Im Schlossgarten gab es viele schöne Rosen. Er pflückte Rosen. Der Besitzer dieses Schlosses war ein Biest. Das Biest ist böse und hatte hässliches Gesicht. Der Mann versprach dem Biest, dass er ihm seine jüngste Tochter geben wird. Bald ist die jüngste Tochter zum Schloss gekommen. Zuerst fürchtete sie sich vor dem Biest. Dann gewöhnte sie sich an das Leben des Schlosses. Dieses Biest hat die schöne Tochter geliebt. Das Biest hatte nur eine Möglichkeit, sich zu ändern. Das war seine Braut. Endlich ist das Biest ein schöner König.

Narantungalag

WS 2000

 

Die Schöne und das Biest

 

Es war einmal ein Goldschmied, der drei Töchter hatte. Die jüngste Tochter war schön und gutherzig. Und weil sie so wunderschön war, nannte man sie „Beauty“. Aber die anderen beiden waren sehr habgierig. Eines Tages fuhr der Goldschmied in die Stadt, um den Schmuck zu verkaufen. Auf seiner Reise begegnete ihm der Raüber und er fiel in Ohnmacht. Als er aufwachte, war er in einem Schloss. Das Schloss war so schön und ziemlich gross, hatte einen grossen Garten, in dem die schönsten Rosen gewachsen waren. Er wollte wenigstens seiner jüngsten Tochter „Beauty“ eine Rose als Geschenk mitbringen. Als er eine Rose nahm, kam plötzlich ein Biest zu ihm und fasste ihn. Das Biest war so hässlich und grausam. Es sagte, dass „Beauty“ für seinen Vater kommen sollte.

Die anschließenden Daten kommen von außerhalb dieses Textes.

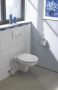 Подвесной унитаз Vitra Normus 6855B003-0101 Подвесной унитаз Vitra Normus 6855B003-0101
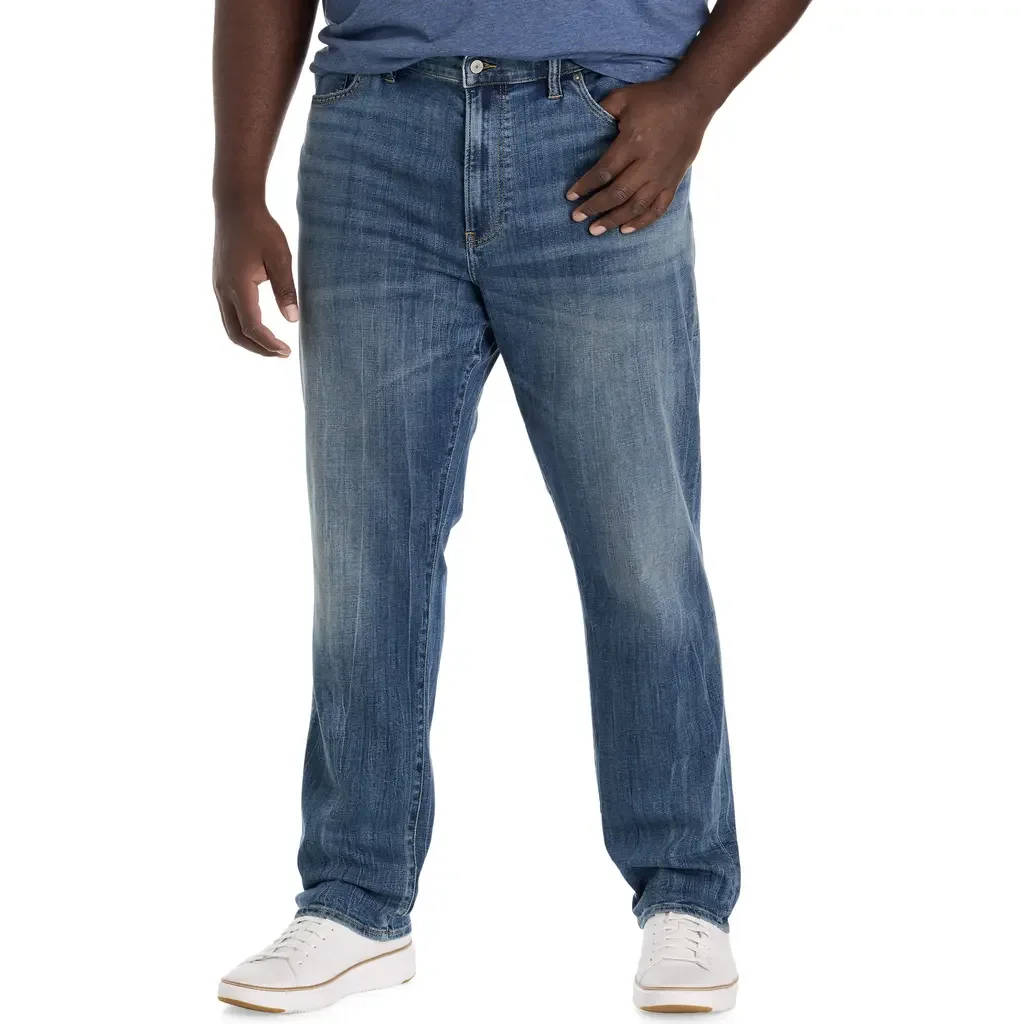 Athletic Tapered-Fit Jeans in Travis by Lucky Brand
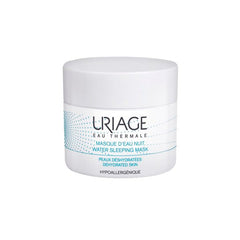 Uriage Eau Thermale Water Sleeping Mask Ενυδατική Μάσκα Νύχτας 50ml. Ενυδατώνει την επιδερμίδα κατά την διάρκεια όλης της νύχτας προσφέροντας μια εξαιρετική φρέσκια λάμψη.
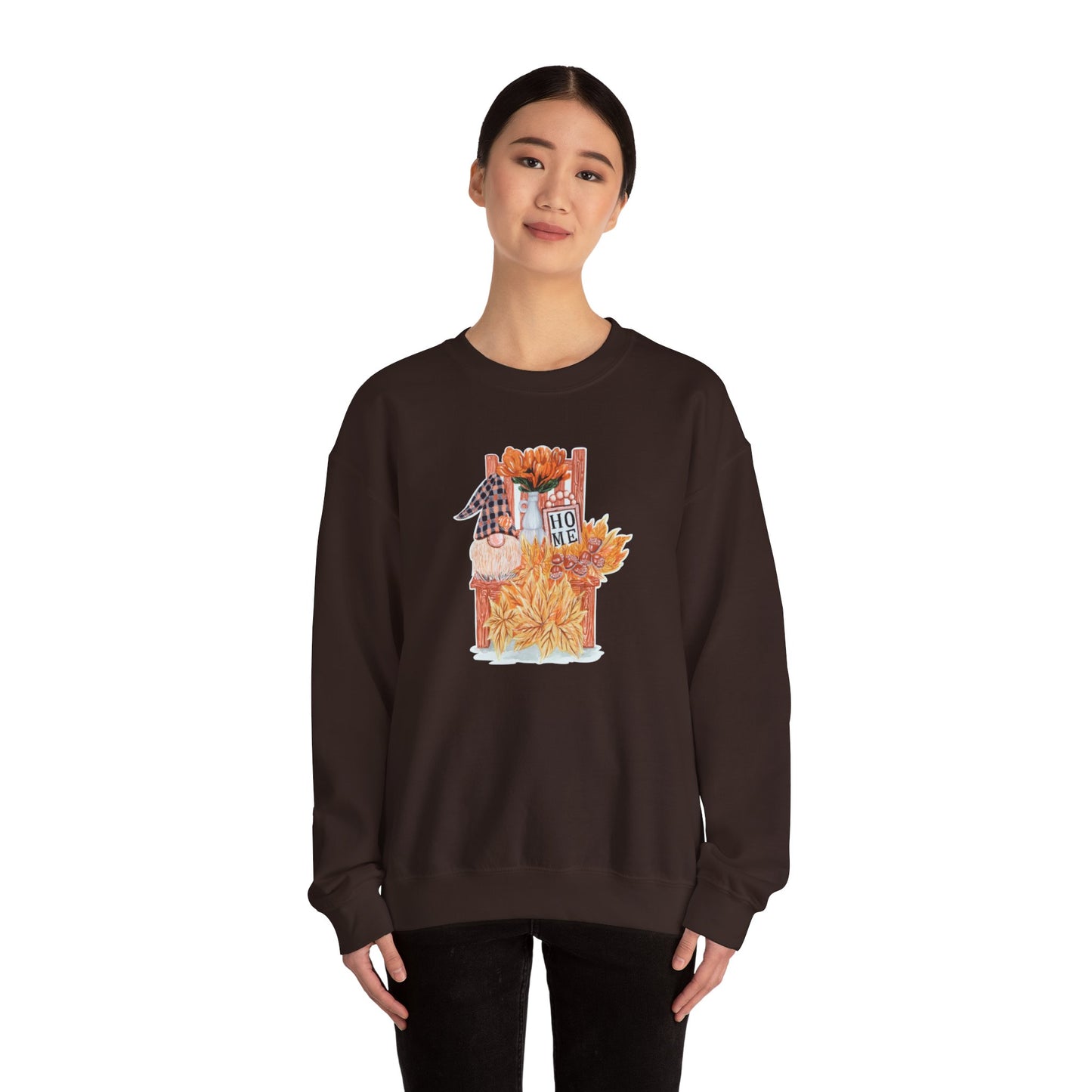 Home for Thanksgiving Unisex Heavy Blend™ Crewneck Sweatshirt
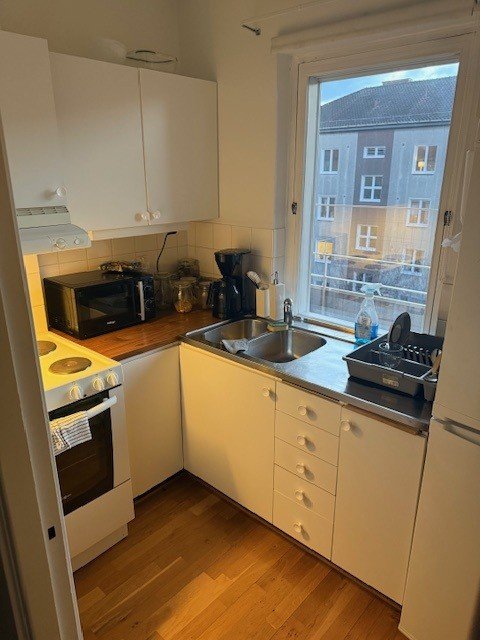 Lägenhet, 1 rooms, 40 sqm, Kristianstad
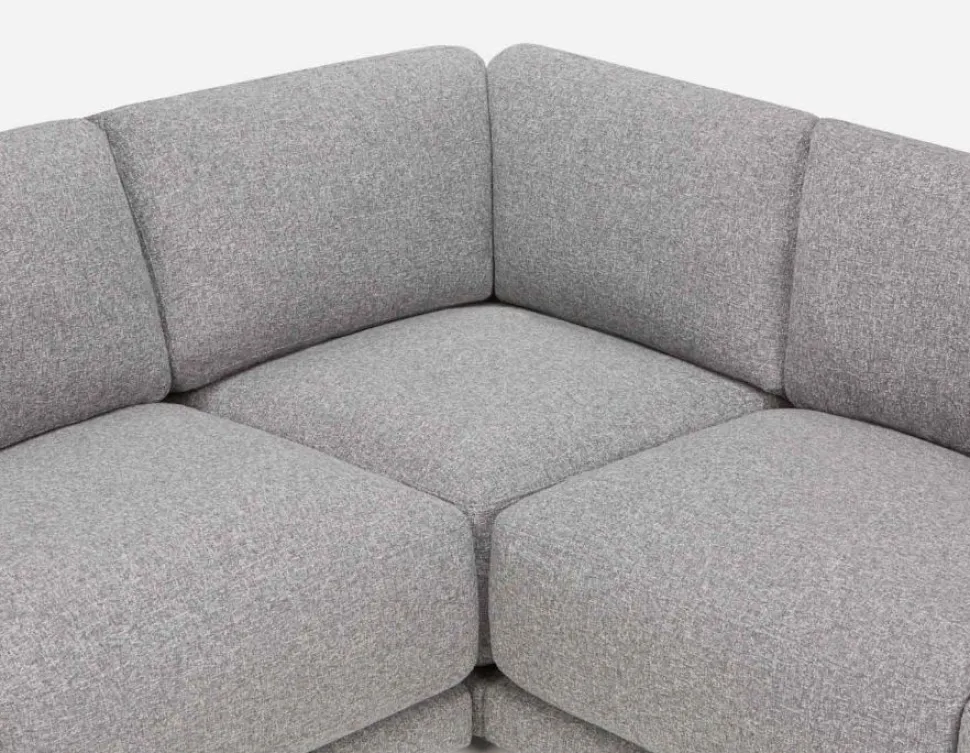 GAETA contemporary sectional sofa
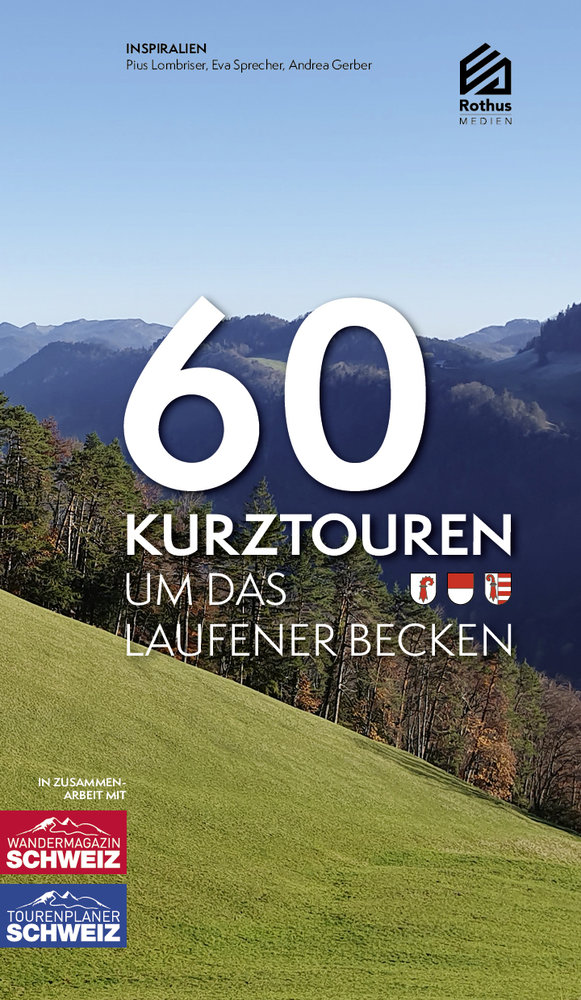 60 Kurztouren um das Laufener Becken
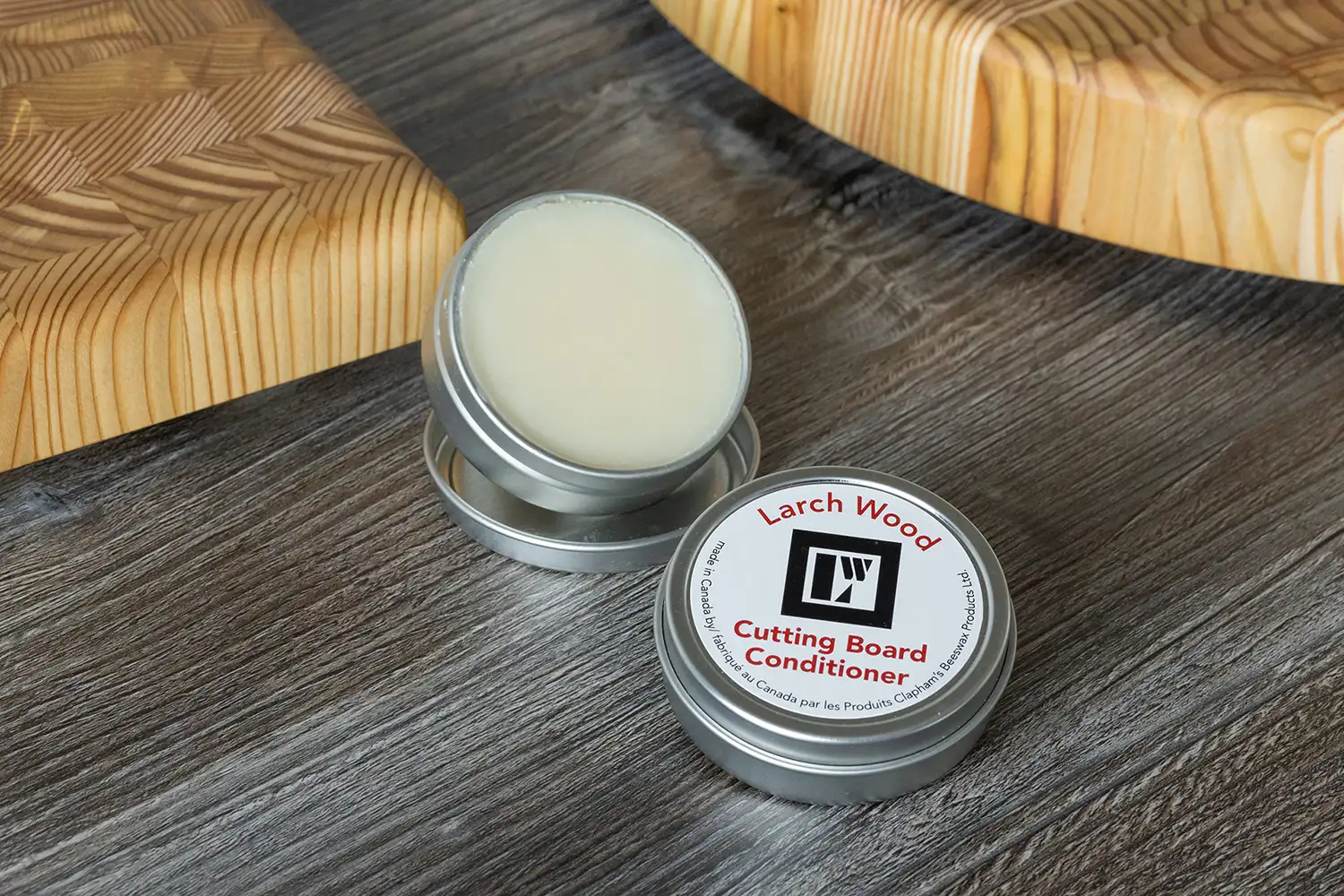 Original Larch Wood Cutting Board Conditioner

Zuerst hatte „Beauty“ grosse Angst vor dem Biest. Dann waren sie befreundet. Das Biest und „Beauty“ spielten zusammen Klavier und gingen jeden Tag durch den schönen Garten spazieren. Die Zeit ging viel zu schnell. Einmal war „Beauty“ sehr traurig, sie vermisste sehr ihren Vater und die Schwester. Das Biest liess sie heimgehen, aber sie sollte schnell zurückkommen ...

Als sie zurück zum Schloss kam, waren die Rosen verwelkt und das Biest war auch fast tot. Die Tränen von „Beauty“ fielen auf das Biest und plötzich ist es ein schöner Prinz geworden. Und sie verliebten sich, lebten zusammen bis zum Ende ihres Lebens.